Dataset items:
※ ※ ※

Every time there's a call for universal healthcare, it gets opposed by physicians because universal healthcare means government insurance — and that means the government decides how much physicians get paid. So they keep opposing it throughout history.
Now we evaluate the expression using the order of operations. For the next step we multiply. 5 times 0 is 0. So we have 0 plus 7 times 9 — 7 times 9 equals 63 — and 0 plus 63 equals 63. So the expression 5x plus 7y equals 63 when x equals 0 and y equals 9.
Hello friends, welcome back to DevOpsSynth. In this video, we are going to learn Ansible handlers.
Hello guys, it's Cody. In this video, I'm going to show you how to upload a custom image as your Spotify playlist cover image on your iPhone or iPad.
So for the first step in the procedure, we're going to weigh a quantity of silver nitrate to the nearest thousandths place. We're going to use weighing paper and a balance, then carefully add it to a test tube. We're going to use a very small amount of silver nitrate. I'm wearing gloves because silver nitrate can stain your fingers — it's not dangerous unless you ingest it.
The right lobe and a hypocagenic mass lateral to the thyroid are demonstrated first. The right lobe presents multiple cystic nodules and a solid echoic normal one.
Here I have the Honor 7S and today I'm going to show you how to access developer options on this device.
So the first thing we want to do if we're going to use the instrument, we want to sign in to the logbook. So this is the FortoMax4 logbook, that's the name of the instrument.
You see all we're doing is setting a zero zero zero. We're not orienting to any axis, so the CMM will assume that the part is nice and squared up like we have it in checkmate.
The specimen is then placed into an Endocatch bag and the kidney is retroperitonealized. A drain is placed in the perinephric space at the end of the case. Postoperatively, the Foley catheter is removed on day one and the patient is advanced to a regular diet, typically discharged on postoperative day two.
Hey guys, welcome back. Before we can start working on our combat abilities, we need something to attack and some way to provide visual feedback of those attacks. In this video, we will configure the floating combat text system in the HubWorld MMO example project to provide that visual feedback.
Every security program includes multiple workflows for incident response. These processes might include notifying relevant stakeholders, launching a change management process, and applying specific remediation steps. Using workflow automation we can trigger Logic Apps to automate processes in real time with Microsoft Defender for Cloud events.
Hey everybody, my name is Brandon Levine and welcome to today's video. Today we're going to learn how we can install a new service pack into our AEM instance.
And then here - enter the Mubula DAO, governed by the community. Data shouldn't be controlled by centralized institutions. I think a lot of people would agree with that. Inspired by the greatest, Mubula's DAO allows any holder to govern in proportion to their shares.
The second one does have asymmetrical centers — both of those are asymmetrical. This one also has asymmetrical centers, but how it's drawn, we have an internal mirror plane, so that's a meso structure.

※ ※ ※

WHAT YOU NEED TO DO
Every line of the entries that includes "going" must be copied into the answer.

WRITTEN ANSWER
Hello friends, welcome back to DevOpsSynth. In this video, we are going to learn Ansible handlers.
Hello guys, it's Cody. In this video, I'm going to show you how to upload a custom image as your Spotify playlist cover image on your iPhone or iPad.
So for the first step in the procedure, we're going to weigh a quantity of silver nitrate to the nearest thousandths place. We're going to use weighing paper and a balance, then carefully add it to a test tube. We're going to use a very small amount of silver nitrate. I'm wearing gloves because silver nitrate can stain your fingers — it's not dangerous unless you ingest it.
Here I have the Honor 7S and today I'm going to show you how to access developer options on this device.
So the first thing we want to do if we're going to use the instrument, we want to sign in to the logbook. So this is the FortoMax4 logbook, that's the name of the instrument.
Hey everybody, my name is Brandon Levine and welcome to today's video. Today we're going to learn how we can install a new service pack into our AEM instance.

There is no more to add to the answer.